E não é somente a estrada que terá de ser construída no alto. O aterro também vai abrigar toda a obra da aduana. E é exatamente esse centro aduaneiro que terá o segundo maior custo de todo o projeto. Dos R$ 472,4 milhões, um total de R$ 126,6 milhões serão somente para essa estrutura.
Outro item do edital que chama a atenção são as chamadas “obras de arte especiais”, as quais vão consumir R$ 101,5 milhões. O edital não especifica o que serão exatamente essas obras.
Mas, parte deste dinheiro deve ser destinado a uma grande área de estacionamento para caminhões, já que existe a previsão de que centenas de veículos de carga passem diariamente pela rota bioceânica, indo ou vindo do Paraguai, Argentina e Chile.
Somente estes três itens (terraplenagem, aduana e obras de arte) vão consumir 79,2% do montante da obra. Ainda de acordo com a licitação, a pavimentação propriamente dita dos 13 quilômetros vai custar “apenas” R$ 23,3 milhões, o que corresponde a 4,9% do custo total.
A ponte sobre o Rio Paraguai terá 1,3 mil metros e cerca de 70% dos trabalhos estão concluídos. E, por conta do atraso de seis Meses no início dos trabalhos do acesso, é provável que a ponte fique pronta bem antes da via de acesso.

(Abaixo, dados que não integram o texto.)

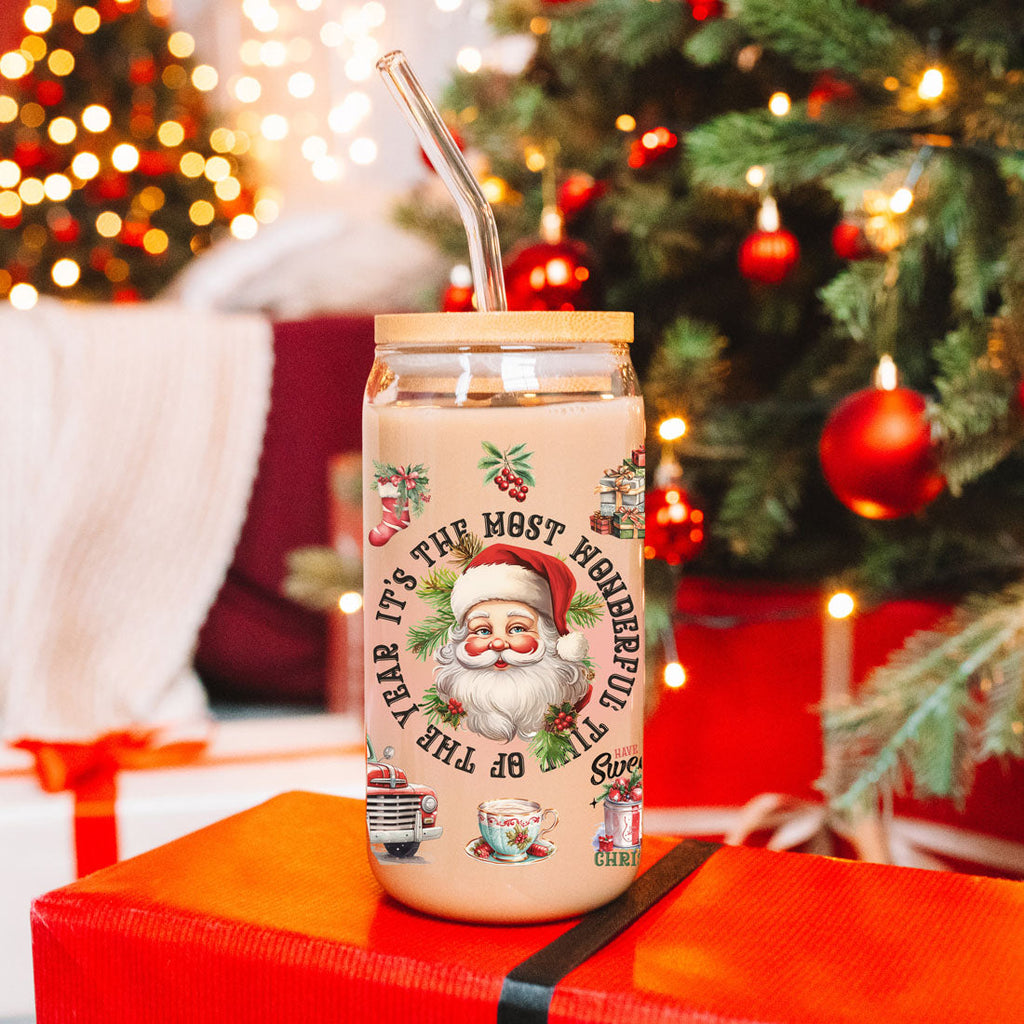 Vintage Christmas Glass Tumbler — 17 oz
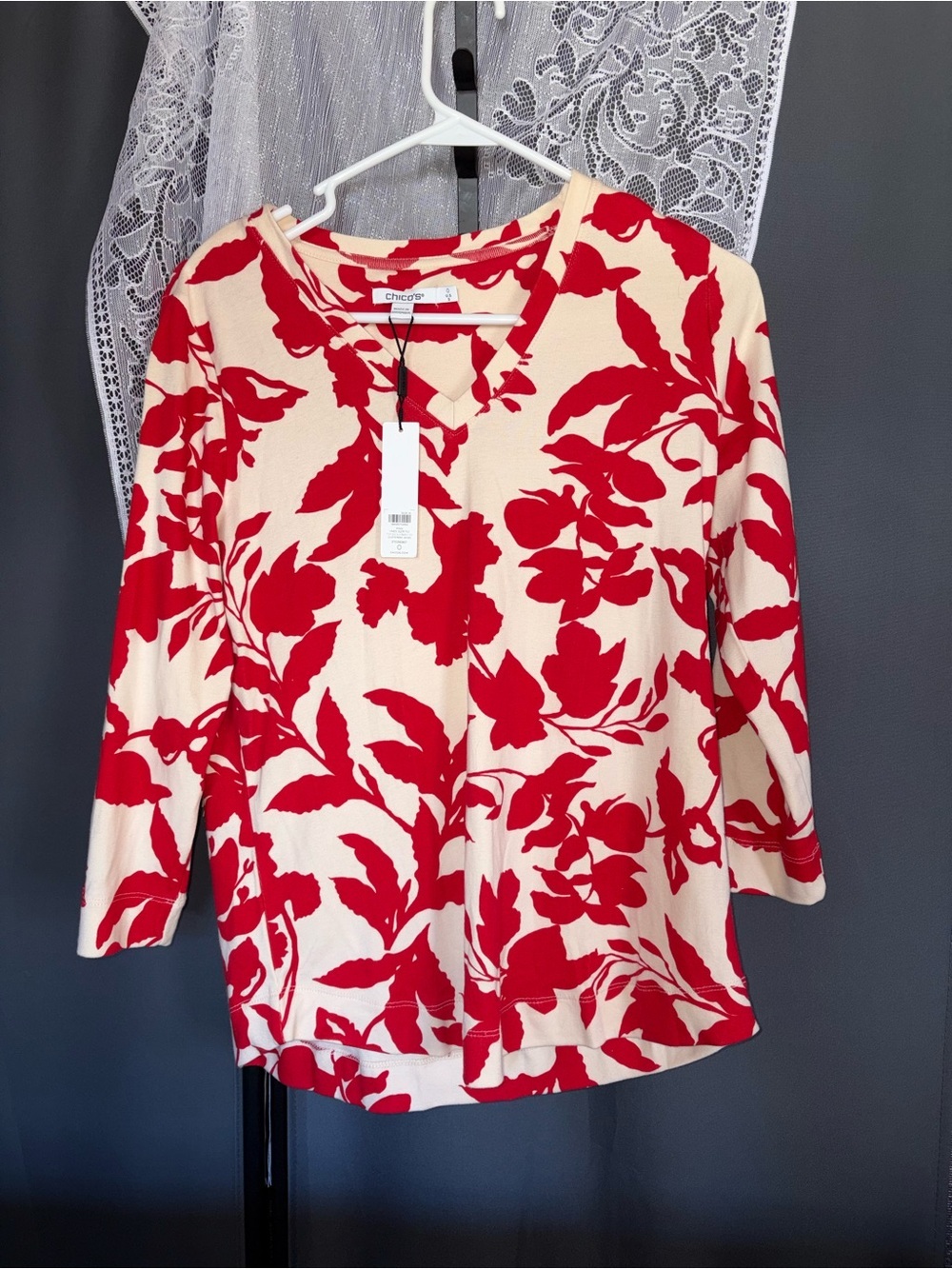Chico's Cream Long Sleeve Top with Bold Red Floral Pattern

Por conta das cheias, o projeto de engenharia prevê a construção de seis pontes de concreto para vazão da água.
Ponte sobre o Rio Paraguai, em Porto Murtinho, está com cerca de 70% dos trabalhos concluídos (foto Toninho Ruiz (arquivo)ROTA
A Rota Bioceânica é um corredor rodoviário com extensão de 2,4 mil quilômetros que ligará os dois maiores oceanos do planeta, Atlântico e Pacífico, partindo do Brasil e chegando aos portos de Antofagasta e Iquique, no Chile, passando pelo Paraguai e pela Argentina.
O projeto que começou a ser debatido em 2014 e que iniciou em 2017 tem a promessa de ampliar a relação comercial do Estado com países asiáticos e sul-americanos.
Conforme estudo da Universidade Federal de Mato Grosso do Sul (UFMS), os custos para o envio da produção sul-mato-grossense serão reduzidos, além do tempo de viagem, que será encurtado em até 17 dias rumo ao mercado asiático.
A Rota Bioceânica, conforme os mais otimistas, terá potencial para movimentar US$ 1,5 bilhão por ano em exportações de carnes, açúcar, farelo de soja e couros para os outros países por onde passará.
O Correio do Estado procurou o consórcio responsável pelas obras do contorno rodoviário em busca de informações sobre possível atraso no cronograma por conta da cheia do Rio Paraguai, mas até a publicação da reportagem não obteve retorno.